作風・制作
出典: フリー百科事典『ウィキペディア(Wikipedia)』 (2022/04/24 16:11 UTC 版)
ゲーム会社を舞台として、若い女性社員ばかりのチームに配属されたヒロインの日常・勤務生活を描く、4コマ漫画である。作者の得能は3年間、ゲーム会社に勤務した経験があり、その経験が基になっている。企画時には作者の辛い実体験に基づいた「ほのぼの社畜漫画」という路線が予定されていたものの、連載が始まると登場人物たちの仲の良さに引っ張られ、予定よりも楽しげな作風で描かれることとなった。ゲームソフトの開発環境やハードウェアの推移は移り変わりが激しく、月刊誌連載のペースでは執筆から単行本に収録されるまでの間に情勢が変わってしまうことから、ゲームの時事ネタや社会風刺は扱わない方針で、劇中におけるゲームの制作場面は普遍的な内容のみが描かれている。 物語の方向性は女性中心の人間関係を描くことに置かれており、社会人ドラマ的な内容よりも、各話で特定のシチュエーションに置かれた登場人物がどうするかという内容を念頭に置いた話作りが指向されている。物語は基本的にヒロインの視点で描かれているが、本作では上司と部下という上下関係が軸となっており、周囲の先輩社員から見た、初心を思い出させてくれる仲間としてのヒロインの姿を印象づける内容にもなっている。
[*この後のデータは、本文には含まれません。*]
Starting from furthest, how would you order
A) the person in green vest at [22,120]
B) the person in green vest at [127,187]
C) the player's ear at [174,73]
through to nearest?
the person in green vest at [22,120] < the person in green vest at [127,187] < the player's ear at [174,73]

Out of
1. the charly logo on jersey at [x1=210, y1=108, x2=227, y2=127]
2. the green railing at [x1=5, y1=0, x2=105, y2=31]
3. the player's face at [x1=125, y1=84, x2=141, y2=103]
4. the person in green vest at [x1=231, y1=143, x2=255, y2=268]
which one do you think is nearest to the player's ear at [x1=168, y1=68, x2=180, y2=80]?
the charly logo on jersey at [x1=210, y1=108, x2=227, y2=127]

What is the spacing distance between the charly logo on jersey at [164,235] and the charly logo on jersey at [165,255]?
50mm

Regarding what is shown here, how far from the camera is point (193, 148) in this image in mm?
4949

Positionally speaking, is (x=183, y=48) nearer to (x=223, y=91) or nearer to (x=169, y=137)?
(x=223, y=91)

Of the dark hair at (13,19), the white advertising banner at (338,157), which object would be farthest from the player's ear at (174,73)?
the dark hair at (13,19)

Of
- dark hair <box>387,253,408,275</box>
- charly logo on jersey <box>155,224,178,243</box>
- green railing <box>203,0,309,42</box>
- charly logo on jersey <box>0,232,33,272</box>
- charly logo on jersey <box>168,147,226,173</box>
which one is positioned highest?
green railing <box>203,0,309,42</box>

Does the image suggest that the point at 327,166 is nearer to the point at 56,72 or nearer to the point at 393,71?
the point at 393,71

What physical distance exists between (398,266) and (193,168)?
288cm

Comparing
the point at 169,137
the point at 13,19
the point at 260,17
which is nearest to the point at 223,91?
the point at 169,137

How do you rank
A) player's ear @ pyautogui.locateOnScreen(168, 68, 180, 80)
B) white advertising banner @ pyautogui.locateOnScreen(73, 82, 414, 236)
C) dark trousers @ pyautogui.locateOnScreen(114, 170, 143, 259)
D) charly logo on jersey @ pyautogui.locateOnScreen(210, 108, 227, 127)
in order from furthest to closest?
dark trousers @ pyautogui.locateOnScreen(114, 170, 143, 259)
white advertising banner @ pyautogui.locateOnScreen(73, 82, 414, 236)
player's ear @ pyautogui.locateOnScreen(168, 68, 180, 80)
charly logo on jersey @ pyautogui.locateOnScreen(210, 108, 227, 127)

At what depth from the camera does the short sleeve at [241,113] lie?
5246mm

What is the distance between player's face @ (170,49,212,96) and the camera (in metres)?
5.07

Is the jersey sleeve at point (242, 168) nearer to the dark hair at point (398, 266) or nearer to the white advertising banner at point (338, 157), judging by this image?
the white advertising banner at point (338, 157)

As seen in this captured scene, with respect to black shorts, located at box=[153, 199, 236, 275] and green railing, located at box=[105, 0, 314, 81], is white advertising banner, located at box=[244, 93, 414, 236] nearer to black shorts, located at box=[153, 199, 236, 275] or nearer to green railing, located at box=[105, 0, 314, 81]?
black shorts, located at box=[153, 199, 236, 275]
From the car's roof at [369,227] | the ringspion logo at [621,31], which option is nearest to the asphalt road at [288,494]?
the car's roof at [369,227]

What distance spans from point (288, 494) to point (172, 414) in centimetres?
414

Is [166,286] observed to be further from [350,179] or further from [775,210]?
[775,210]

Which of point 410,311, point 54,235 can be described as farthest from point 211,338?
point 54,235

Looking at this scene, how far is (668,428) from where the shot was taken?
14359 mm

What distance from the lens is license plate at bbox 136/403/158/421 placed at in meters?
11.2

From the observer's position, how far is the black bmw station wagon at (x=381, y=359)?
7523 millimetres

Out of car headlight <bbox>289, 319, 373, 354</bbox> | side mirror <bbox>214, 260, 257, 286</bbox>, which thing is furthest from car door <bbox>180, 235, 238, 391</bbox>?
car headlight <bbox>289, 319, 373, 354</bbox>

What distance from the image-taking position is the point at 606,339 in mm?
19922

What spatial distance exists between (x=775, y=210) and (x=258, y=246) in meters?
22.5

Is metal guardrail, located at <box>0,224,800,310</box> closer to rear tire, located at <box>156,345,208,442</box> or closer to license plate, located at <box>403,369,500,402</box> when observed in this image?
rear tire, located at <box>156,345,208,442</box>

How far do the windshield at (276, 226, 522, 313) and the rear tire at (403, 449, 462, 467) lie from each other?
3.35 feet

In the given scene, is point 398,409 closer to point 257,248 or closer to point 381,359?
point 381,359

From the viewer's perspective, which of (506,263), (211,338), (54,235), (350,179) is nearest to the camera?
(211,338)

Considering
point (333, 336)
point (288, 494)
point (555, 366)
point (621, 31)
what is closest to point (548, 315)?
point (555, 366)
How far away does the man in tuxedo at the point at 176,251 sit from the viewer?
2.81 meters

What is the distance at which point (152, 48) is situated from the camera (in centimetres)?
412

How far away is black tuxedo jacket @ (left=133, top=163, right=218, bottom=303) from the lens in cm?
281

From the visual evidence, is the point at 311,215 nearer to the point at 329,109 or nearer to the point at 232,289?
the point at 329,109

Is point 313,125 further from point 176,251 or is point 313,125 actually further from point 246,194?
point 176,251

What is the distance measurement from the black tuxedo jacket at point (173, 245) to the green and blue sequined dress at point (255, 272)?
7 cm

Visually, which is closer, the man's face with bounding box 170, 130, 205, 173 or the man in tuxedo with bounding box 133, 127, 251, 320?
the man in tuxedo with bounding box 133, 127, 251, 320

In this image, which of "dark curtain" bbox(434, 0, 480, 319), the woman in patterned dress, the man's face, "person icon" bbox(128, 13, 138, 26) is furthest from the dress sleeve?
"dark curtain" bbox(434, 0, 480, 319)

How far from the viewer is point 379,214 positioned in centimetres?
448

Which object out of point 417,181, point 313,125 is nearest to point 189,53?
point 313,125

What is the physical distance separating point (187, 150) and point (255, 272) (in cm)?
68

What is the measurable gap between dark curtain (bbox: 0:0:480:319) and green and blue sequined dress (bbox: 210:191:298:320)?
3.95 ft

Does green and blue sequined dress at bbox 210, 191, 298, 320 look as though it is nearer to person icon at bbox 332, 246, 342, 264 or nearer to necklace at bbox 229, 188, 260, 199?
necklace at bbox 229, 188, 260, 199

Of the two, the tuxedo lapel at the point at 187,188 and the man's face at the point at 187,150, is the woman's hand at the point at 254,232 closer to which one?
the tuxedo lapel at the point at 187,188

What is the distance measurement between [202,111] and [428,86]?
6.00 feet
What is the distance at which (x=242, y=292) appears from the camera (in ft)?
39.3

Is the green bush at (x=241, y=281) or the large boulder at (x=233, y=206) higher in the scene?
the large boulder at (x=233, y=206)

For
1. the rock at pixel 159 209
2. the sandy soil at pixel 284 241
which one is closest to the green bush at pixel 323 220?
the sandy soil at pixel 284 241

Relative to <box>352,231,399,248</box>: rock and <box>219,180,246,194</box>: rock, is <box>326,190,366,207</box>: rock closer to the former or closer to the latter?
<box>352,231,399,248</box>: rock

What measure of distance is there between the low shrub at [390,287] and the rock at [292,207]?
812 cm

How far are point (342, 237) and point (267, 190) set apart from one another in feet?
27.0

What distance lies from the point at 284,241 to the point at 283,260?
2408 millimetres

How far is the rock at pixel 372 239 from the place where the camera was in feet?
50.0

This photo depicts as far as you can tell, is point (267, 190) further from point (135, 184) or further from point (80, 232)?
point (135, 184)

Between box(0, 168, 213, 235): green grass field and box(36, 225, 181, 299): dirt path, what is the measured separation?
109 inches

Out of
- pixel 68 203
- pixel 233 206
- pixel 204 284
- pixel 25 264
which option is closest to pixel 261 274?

基本的に性格の良い人物しか登場しないという作風になっているが、主要な登場人物が学生のような仲良しグループとは異なり、プロとしての責任を背負って人間関係のトラブルにも向き合わなければならない間柄であることも意識して描かれた。一方、部分的には生々しい実体験に基づいたエピソードも盛り込んではいるが、作者の実体験では失敗した事柄を主人公たちが円満に解決する形などに改変した上で反映されており、ゲーム業界の悲惨なエピソードの暴露といった内容は避けられ、残業や休日出勤を楽しんでこなすヒロインや、キラキラとした女性社会人たちの姿を、ほのぼのとした作風で描いている。 作者の得能は本作より以前に手掛けた『こもれびの国』の反省点から、主人公にぶれのない目的を持たせ、ストーリーを成り行きではなく全体の見通しをつけてから進めるようにした。物語上のポイントのみを押さえ、後は登場人物の立場から人物を動かしていくという方針の話作りがされているものの、単行本1冊(各巻13話)ごとにすっきりとした区切のつく構成が意識して描かれている。また物語の第1話から読者によって好き嫌いの分かれるセクシャルな場面を挿入することで、今後の作風を明確にする方針を打ち出しつつ、セクシャルな場面でも下品にならない程度の匙加減が意図された。 作者の得能は影響を受けた作品として、女性ばかりの日常ものの漫画を描くことになった最初のきっかけは天野こずえによる漫画『ARIA』であったとしており、また各話のストーリーの流れは、女児向けのアニメや男児向けの特撮ヒーローものの様式美を参考にするところが多いとしている。